_WHAT YOU WILL DO_.
Go through the entries and transcribe each one exactly, dropping the pictures.

[Web page caption snippets]
= Beginning of Section =
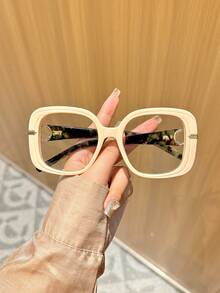 1 件女士方形 Y2K 眼镜框，带透明镜片，波西米亚风格镂空眼镜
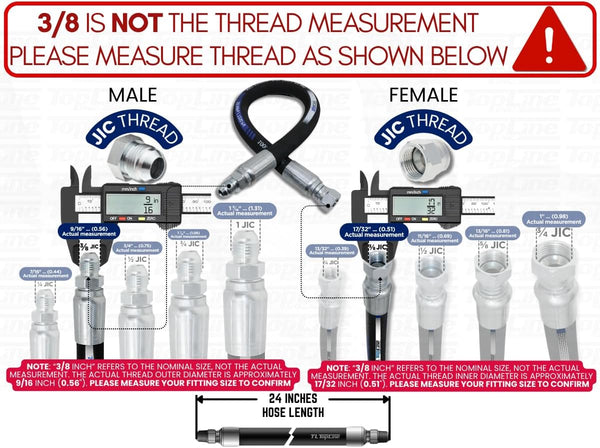 3/8" Hydraulic Hose Assembly 18 Inches – Female JIC x Male JIC, 7,250 PSI, SAE 100 R2AT, 2-Wire Braided, Oil-Resistant Rubber, High-Pressure Line Hydraulic Fluid | Model HFR206-063F-063M-24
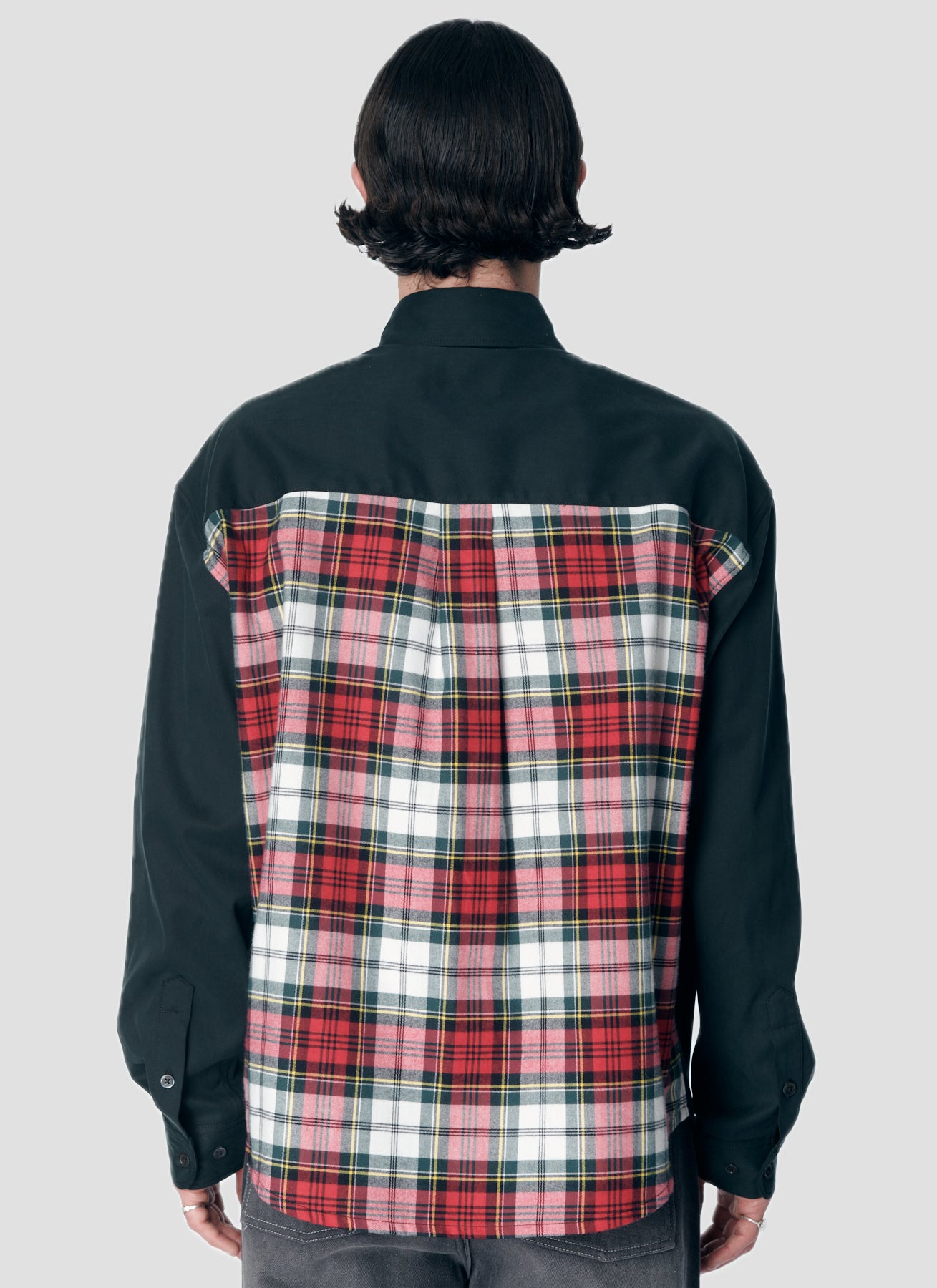 PACC17B002 ~ COMBO PLAID LS OFFICE SHIRT - BLACK / MULTI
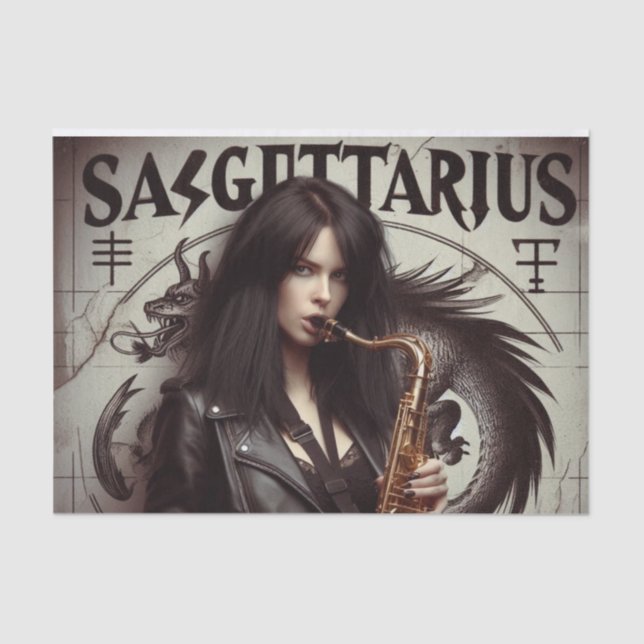 Sagittarius Zodiac Musiker Saxophon Decoupage Seidenpapier (Vorderseite)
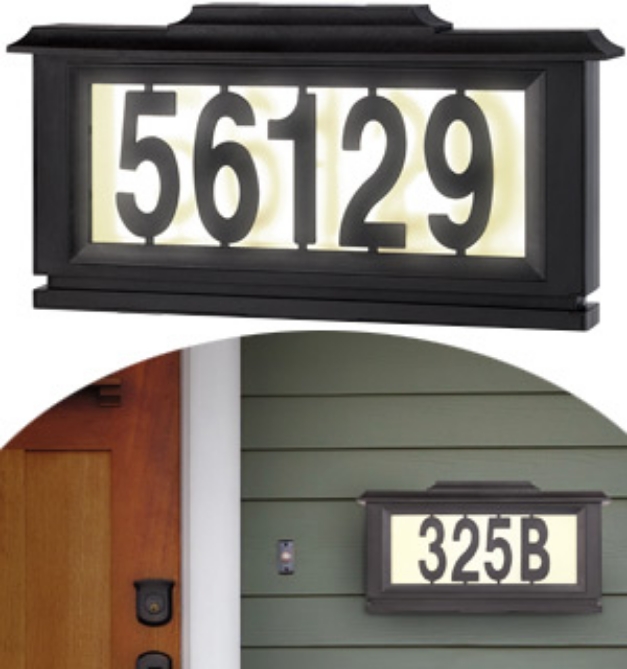 Picture 1 of Solar Powered Light Up Street Address Sign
= End of Section =
_TASK ANSWER_.
 1 件女士方形 Y2K 眼镜框，带透明镜片，波西米亚风格镂空眼镜
 3/8" Hydraulic Hose Assembly 18 Inches – Female JIC x Male JIC, 7,250 PSI, SAE 100 R2AT, 2-Wire Braided, Oil-Resistant Rubber, High-Pressure Line Hydraulic Fluid | Model HFR206-063F-063M-24
 PACC17B002 ~ COMBO PLAID LS OFFICE SHIRT - BLACK / MULTI
 Sagittarius Zodiac Musiker Saxophon Decoupage Seidenpapier (Vorderseite)
 Picture 1 of Solar Powered Light Up Street Address Sign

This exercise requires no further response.